Haïti à l’honneur au Grand Palais

samedi 25 octobre 2014

Unique, colossal, extraordinaire !!! Du 19 novembre 2014 au 15 février 2015, l’art haïtien sera à l’honneur au Grand Palais, à Paris. C’est un voyage à travers deux siècles de l’histoire de la production artistique haïtienne qui sera proposé aux visiteurs dans cet établissement prestigieux. Le Nouvelliste a rencontré Mireille Jérôme, co-commissaire de l’exposition

Emmelie Prophète : Que voudriez-vous que le grand public sache de cette exposition ?

Mireille Jérôme (M.J.) : Je dirai d’abord au public qu’on dit RMN-Grand Palais, Réunion des musées nationaux Grand Palais. Il s’agit de l’une des institutions les plus prestigieuses de France, en ce qui concerne les activités culturelles. Une exposition sur Haïti y avait été organisée, il y a plusieurs années, je crois que c’était en 1988, c’était avec les peintres dits naïfs. Mais c’est la première fois qu’on aura une exposition de si grande ampleur qui embrasse tous les aspects de l’art haïtien. C’est une exposition que nous préparons depuis deux ans et demi, c’est-à-dire depuis 2011. L’idée de ce projet est née lors du passage en Haïti du ministre français de la Culture, M. Fréderic Mitterrand. Il a dit publiquement, en présence de la ministre de la Culture d’Haïti de l’époque, madame Marie Laurence Jocelyn Lassègue, qu’il aurait aimé réaliser une exposition d’envergure avec Haïti qui embrasserait tous les aspects.
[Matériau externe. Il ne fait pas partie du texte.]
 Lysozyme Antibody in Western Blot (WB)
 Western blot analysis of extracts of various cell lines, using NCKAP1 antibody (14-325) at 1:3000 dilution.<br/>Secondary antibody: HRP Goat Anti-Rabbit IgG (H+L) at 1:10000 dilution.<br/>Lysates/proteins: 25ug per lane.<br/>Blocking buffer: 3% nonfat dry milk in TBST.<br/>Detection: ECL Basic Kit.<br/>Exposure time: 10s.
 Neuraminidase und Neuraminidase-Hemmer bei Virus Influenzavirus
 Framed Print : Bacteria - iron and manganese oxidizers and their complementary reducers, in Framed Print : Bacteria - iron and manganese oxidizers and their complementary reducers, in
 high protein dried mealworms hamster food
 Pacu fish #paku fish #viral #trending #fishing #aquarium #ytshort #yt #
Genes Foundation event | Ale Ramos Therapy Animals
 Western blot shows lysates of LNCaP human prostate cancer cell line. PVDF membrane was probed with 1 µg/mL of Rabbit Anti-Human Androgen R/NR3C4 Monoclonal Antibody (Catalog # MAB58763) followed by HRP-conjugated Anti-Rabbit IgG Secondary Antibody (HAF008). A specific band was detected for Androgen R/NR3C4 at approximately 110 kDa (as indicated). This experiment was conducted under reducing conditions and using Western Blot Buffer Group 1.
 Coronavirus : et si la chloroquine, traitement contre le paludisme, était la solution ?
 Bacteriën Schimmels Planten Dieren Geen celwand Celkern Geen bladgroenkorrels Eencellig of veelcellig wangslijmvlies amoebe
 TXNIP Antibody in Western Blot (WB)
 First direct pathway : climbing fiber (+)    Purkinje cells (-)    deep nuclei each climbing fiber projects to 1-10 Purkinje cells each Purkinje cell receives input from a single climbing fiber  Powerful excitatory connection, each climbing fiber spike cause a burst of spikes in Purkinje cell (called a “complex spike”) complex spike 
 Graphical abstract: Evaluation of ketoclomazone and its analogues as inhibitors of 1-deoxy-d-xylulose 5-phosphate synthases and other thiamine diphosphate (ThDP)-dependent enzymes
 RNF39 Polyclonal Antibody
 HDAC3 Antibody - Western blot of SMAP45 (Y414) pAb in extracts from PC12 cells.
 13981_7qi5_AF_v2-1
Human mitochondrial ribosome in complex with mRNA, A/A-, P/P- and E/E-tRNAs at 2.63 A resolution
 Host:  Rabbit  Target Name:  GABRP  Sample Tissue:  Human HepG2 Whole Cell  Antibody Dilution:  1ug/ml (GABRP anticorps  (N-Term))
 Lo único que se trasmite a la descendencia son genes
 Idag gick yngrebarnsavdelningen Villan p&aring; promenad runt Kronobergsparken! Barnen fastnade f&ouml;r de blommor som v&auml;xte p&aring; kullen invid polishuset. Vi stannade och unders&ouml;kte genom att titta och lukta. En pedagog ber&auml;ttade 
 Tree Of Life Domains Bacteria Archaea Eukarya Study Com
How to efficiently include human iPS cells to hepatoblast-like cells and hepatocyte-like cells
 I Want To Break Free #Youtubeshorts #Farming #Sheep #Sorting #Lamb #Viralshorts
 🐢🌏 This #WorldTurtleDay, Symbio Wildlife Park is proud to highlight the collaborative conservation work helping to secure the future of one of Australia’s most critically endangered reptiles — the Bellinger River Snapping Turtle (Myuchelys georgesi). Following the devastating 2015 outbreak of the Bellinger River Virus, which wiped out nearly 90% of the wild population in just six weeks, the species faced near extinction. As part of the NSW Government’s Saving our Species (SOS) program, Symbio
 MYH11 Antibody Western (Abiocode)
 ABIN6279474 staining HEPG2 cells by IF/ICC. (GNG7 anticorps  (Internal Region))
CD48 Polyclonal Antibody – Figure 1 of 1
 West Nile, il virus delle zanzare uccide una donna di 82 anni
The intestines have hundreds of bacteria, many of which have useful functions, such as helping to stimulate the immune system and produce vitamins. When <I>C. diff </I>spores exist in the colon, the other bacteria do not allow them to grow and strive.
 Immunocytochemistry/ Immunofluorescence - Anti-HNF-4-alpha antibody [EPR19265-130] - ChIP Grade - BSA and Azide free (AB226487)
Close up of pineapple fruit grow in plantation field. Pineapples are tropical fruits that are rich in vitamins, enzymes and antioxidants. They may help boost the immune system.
J’ai eu la chance de bénéficier d’une bourse assez spéciale, qu’on appelle bourse d’immersion dans un musée. Et j’ai eu à faire un stage pendant un mois au centre Pompidou. Au bout de ce séjour, je dois vous dire que c’est le service culturel de l’ambassade d’Haïti à Paris qui a pratiquement inventé cette bourse pour pouvoir donner un peu plus de compétences à ceux qui gèrent les galeries, les musées, les centres culturels. Et au bout de ce cycle, je devais présenter un projet, un projet d’exposition « d’envergure » pour reprendre le mot de Fréderic Mitterrand. Je l’ai donc rédigé avec Régine Cuzin et Régine Estimé qui était chargée d’affaires au service culturel de l’ambassade d’Haïti à Paris. Quand ce projet a été monté, nous l’avons pris à bras-le-corps et nous avons commencé à visiter les musées. J’ai été avec Régine Estimé jusqu’à Lille rencontrer un responsable de la mairie de cette ville, aller voir les musées là-bas, le leur proposer. À l’époque, je dois avouer, le projet n’était pas encore bien ficelé. Il a néanmoins bénéficié d’un accueil favorable, mais il faisait peur. Certains nous ont proposé de le couper en deux. Nous avons refusé. Nous voulions que ce soit une exposition qui nous présente dans notre intégralité, sans déboulé chronologique pour autant ; je reviendrai là-dessus. On a été même à Beaubourg, et comme l’exposition avait une composante historique, Beaubourg nous a dit qu’il faisait dans le moderne et dans le contemporain. Nous sommes allées à Marne-la-Vallée, et dans plusieurs autres musées. Finalement, c’est le Grand Palais qui a accepté cette exposition en disant tout de suite qu’elle se ferait à la galerie sud-est. Et immédiatement, ils ont composé une délégation qui est entrée en Haïti. C’était en 2012. Et, le premier interlocuteur qu’on a eu, c’était l’État haïtien. On a rencontré au Musée du Panthéon National madame Michèle Frish, la directrice du MUPANAH, Madame Elza Baussan qui était à l’époque secrétaire d’État au patrimoine, le directeur général du ministère de la Culture, M. Stefan Malebranche. A l’époque, un nouveau ministre de la Culture entrait en fonction, parce que entre le moment où le projet est parti et le moment où il arrive là maintenant, nous avons connu à peu près cinq ministres de la Culture. (Rires)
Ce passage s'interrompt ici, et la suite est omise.